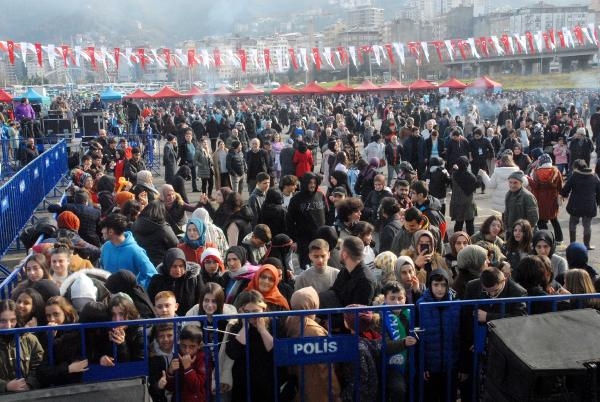 Rize'de hamsi festivali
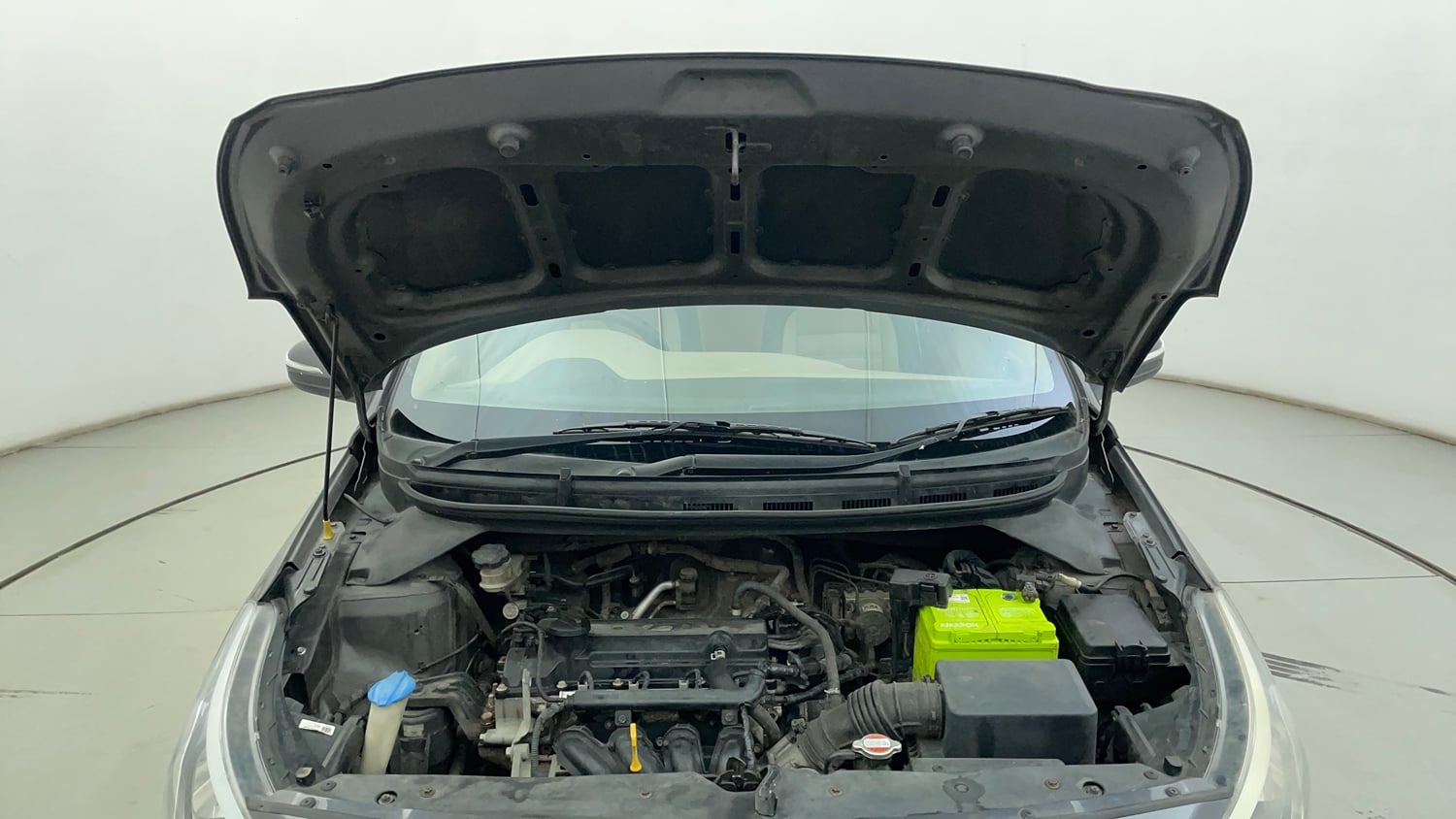 Used 2016 Hyundai Elite i20 Asta 1.2 Petrol Manual engine ENGINE & BONNET OPEN FRONT VIEW
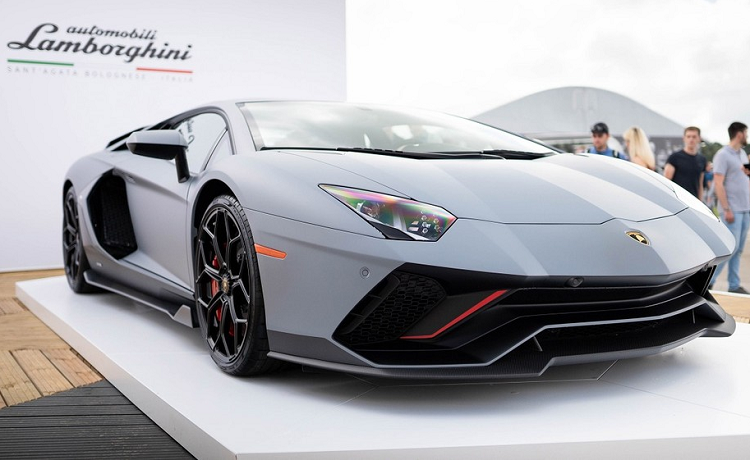 Lamborghini phai san xuat 15 chiec Aventador... den cho khach hang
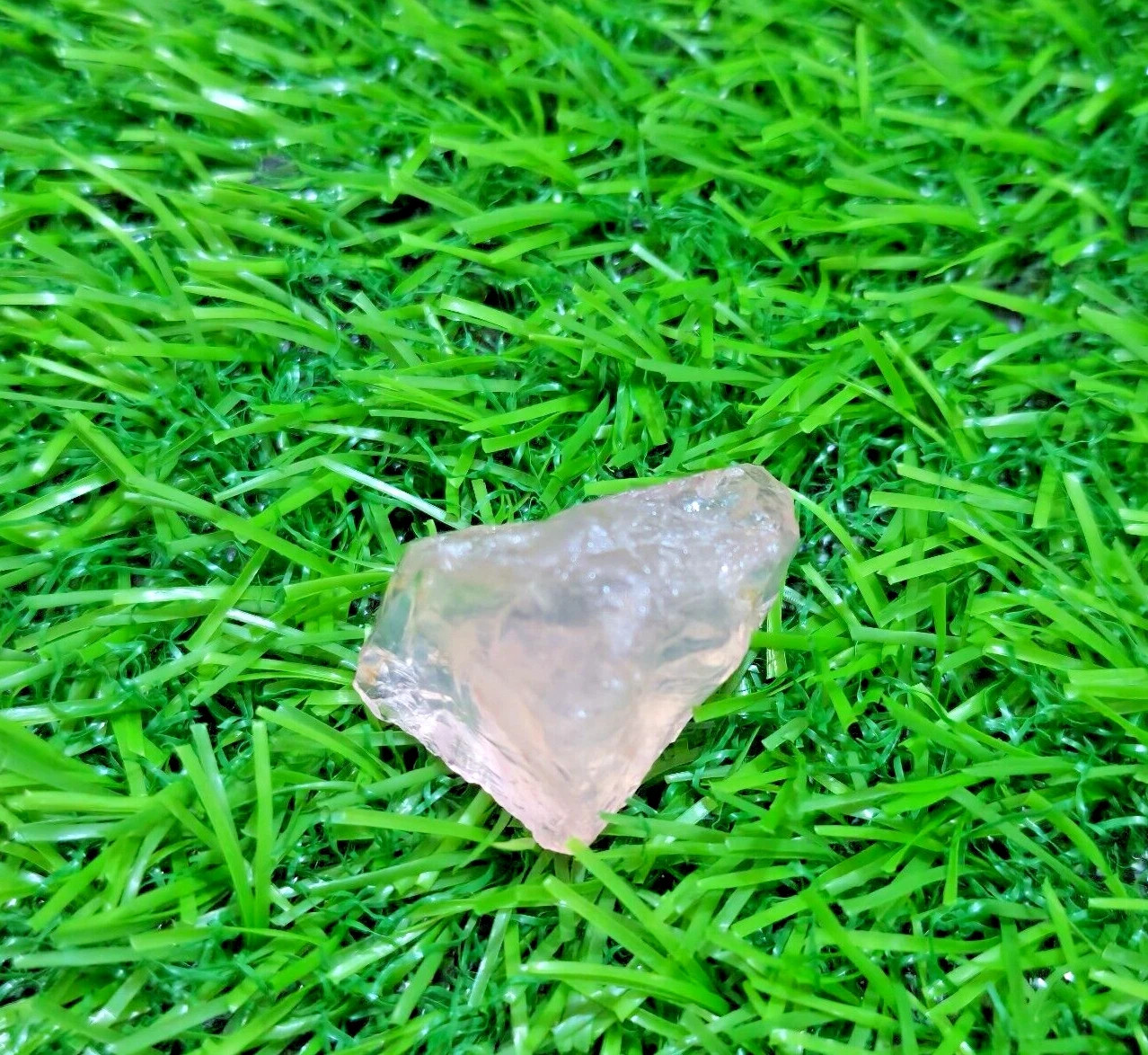 Amazing Pink Rose Quartz Rough Stone 64.50 Crt Size 31x23x19 MM Rough Jewelry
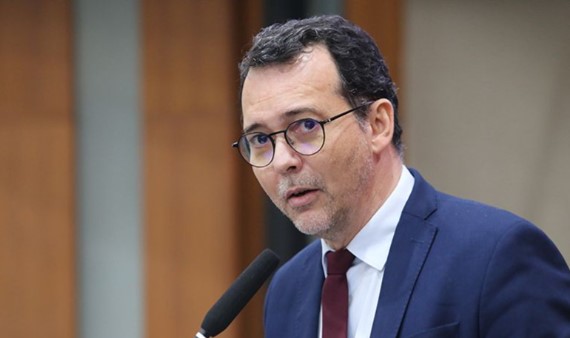Justiça condena Botelho e aliados em R$ 40 mil por impulsionamento ilegal na internet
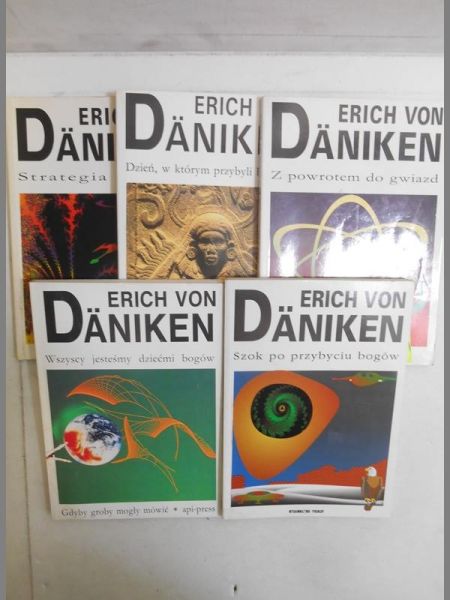 Daniken Erich von - Zestaw 5 książek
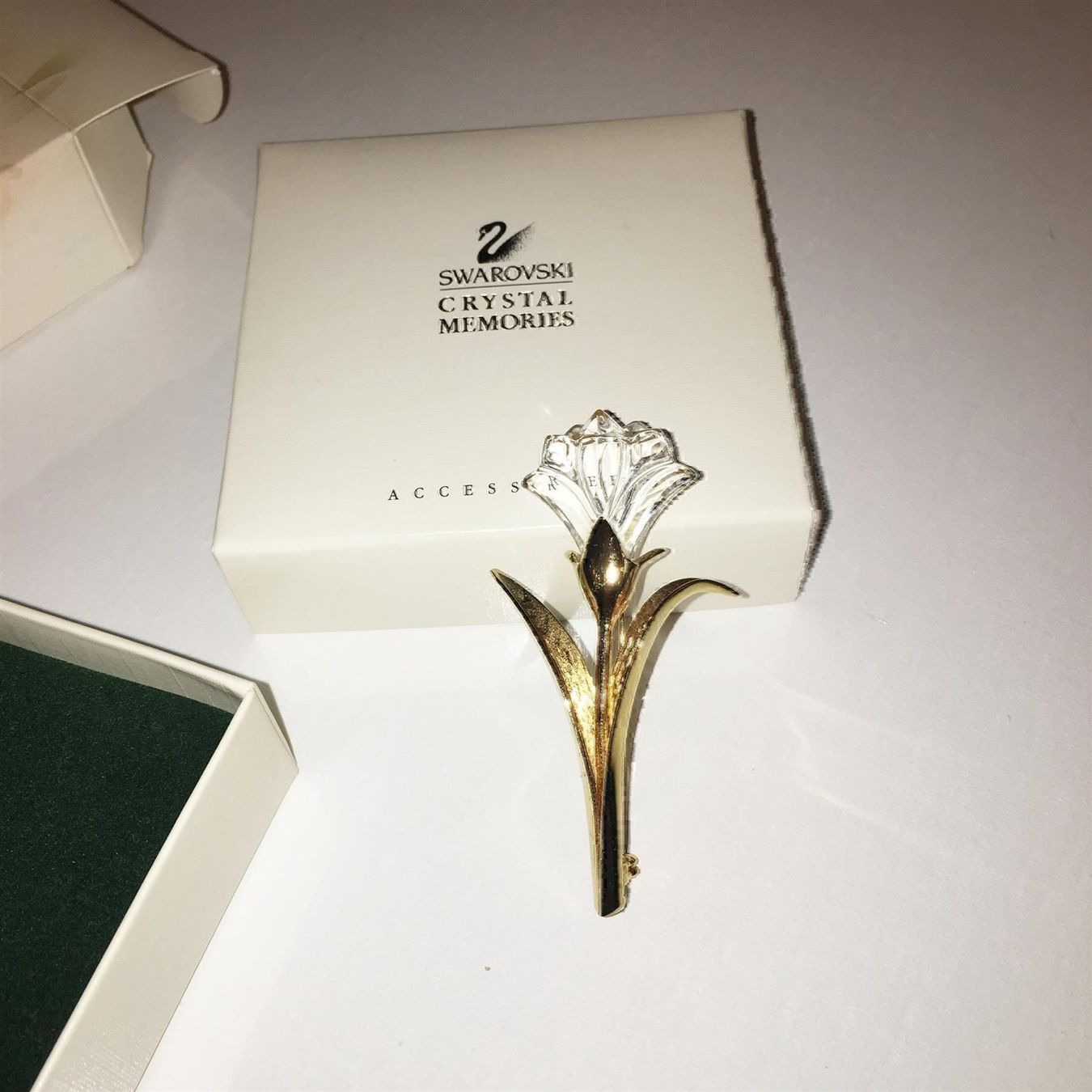 Swarovski Spille & Fermagli: SWAROVSKI Brosche Blume Crystal Memories – Nuovo (secondo la descrizione) da Zug venduto da smile060 8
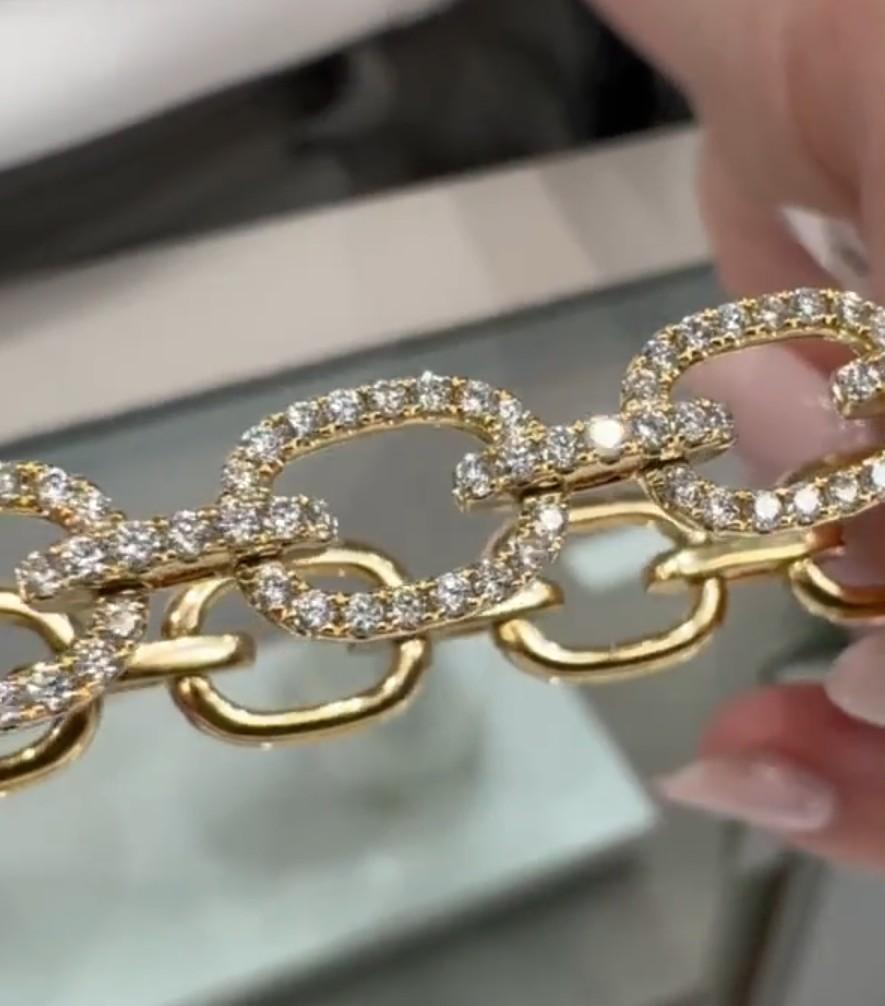 Bracelet en or jaune 18K à maillons ouverts et diamants en vente 2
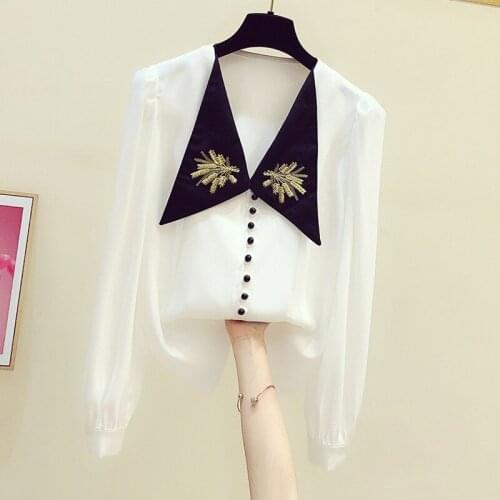 Vintage Embroidery White Women Shirts Spring New 2021 Turn-Down Collar Long-Sleeved Loose Elegant Office Lady Outwear Tops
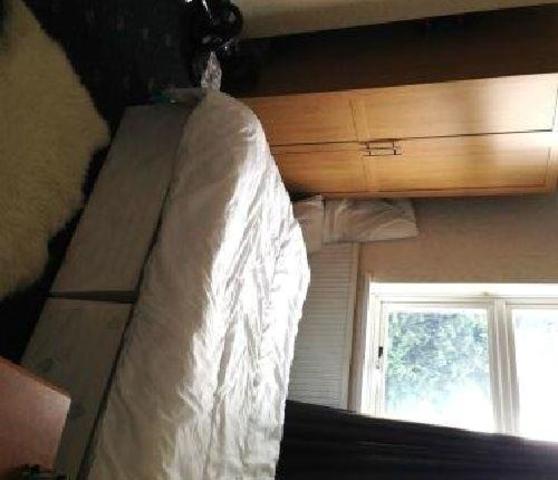  Image of 5 bedroom  to rent in Harlaxton Drive Nottingham NG7 at Harlaxton Drive, Lenton, Nottinghamshire NG7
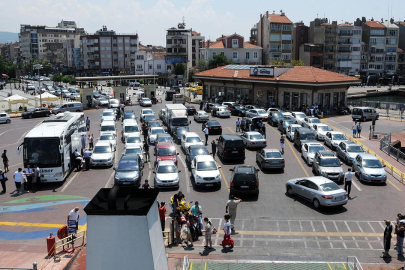 Bozcaada'da trafiğe tatil düzenlemesi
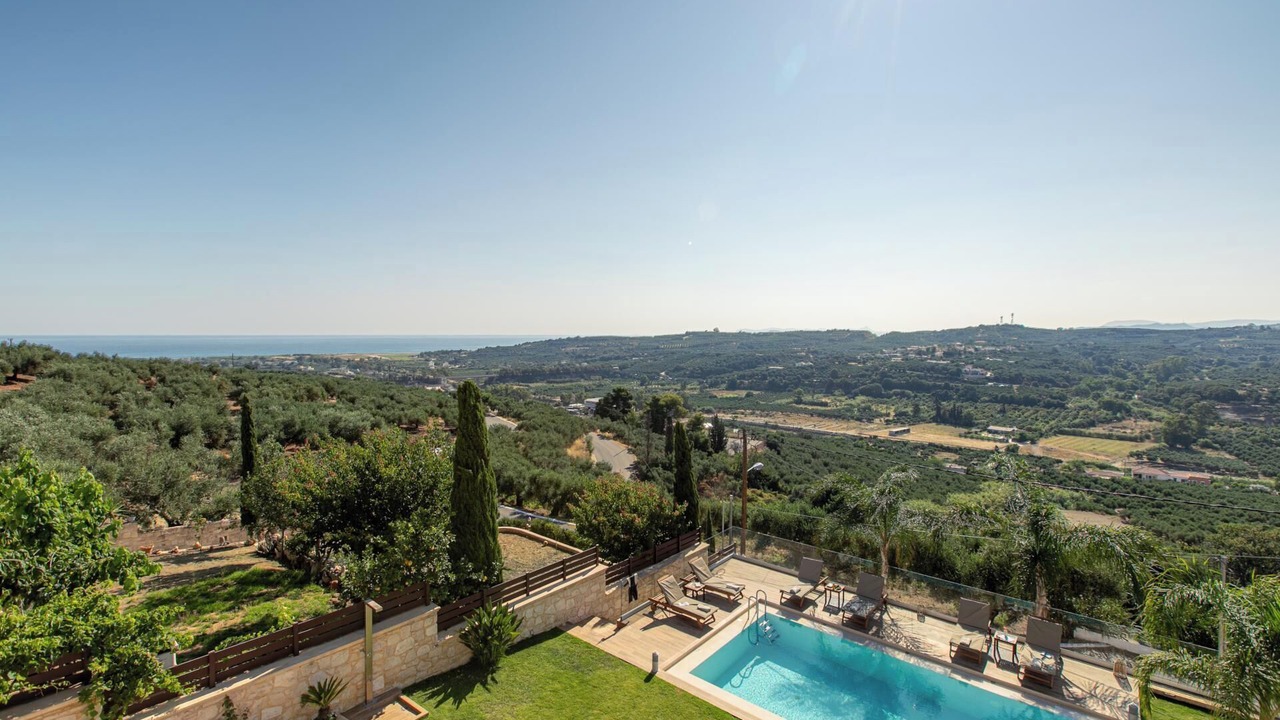 Photo of Outdoor in Polemarchi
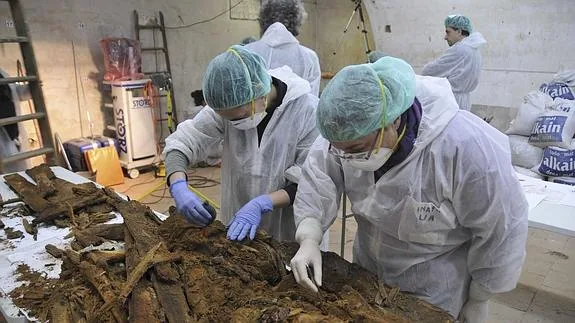 Expertos examinan en enero de 2015 los restos hallados en el Convento de las Trinitarias.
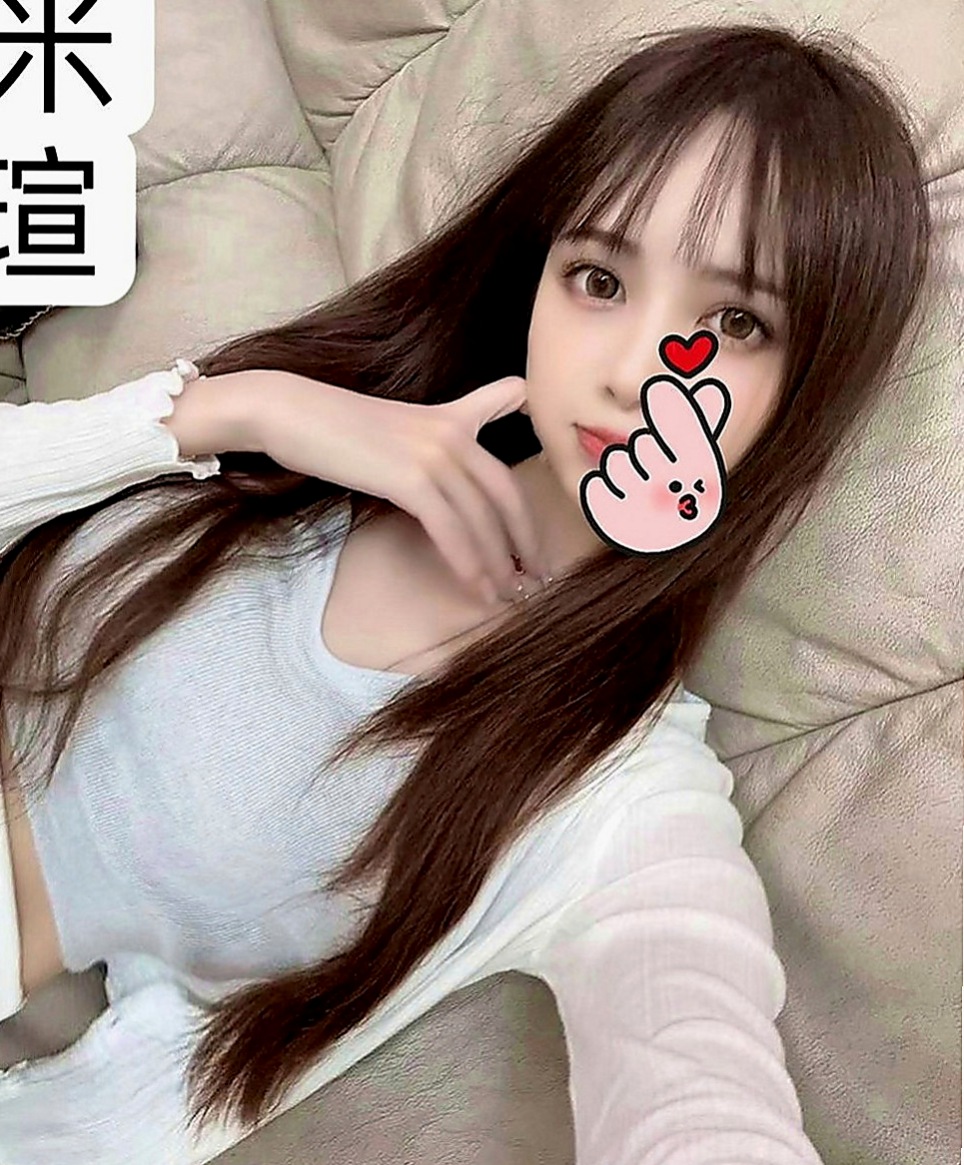 台東外送茶|好茶：精彩 |氣質主播|164cm|55kg|C罩杯|23歲|沒什麼限制的噢 開放敢玩 很會騷 很會調情唷！ MC來完第三天想下海兼職 滿足一下自己的好奇心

.....

YOUR TASK — Nothing but the text of the listing should be set down, exactly, with the pictures left behind.

RESPONSE TO THIS TASK —
 Rize'de hamsi festivali
 Used 2016 Hyundai Elite i20 Asta 1.2 Petrol Manual engine ENGINE & BONNET OPEN FRONT VIEW
 Lamborghini phai san xuat 15 chiec Aventador... den cho khach hang
 Amazing Pink Rose Quartz Rough Stone 64.50 Crt Size 31x23x19 MM Rough Jewelry
Justiça condena Botelho e aliados em R$ 40 mil por impulsionamento ilegal na internet
 Daniken Erich von - Zestaw 5 książek
 Swarovski Spille & Fermagli: SWAROVSKI Brosche Blume Crystal Memories – Nuovo (secondo la descrizione) da Zug venduto da smile060 8
 Bracelet en or jaune 18K à maillons ouverts et diamants en vente 2
 Vintage Embroidery White Women Shirts Spring New 2021 Turn-Down Collar Long-Sleeved Loose Elegant Office Lady Outwear Tops
  Image of 5 bedroom  to rent in Harlaxton Drive Nottingham NG7 at Harlaxton Drive, Lenton, Nottinghamshire NG7
 Bozcaada'da trafiğe tatil düzenlemesi
 Photo of Outdoor in Polemarchi
 Expertos examinan en enero de 2015 los restos hallados en el Convento de las Trinitarias.
 台東外送茶|好茶：精彩 |氣質主播|164cm|55kg|C罩杯|23歲|沒什麼限制的噢 開放敢玩 很會騷 很會調情唷！ MC來完第三天想下海兼職 滿足一下自己的好奇心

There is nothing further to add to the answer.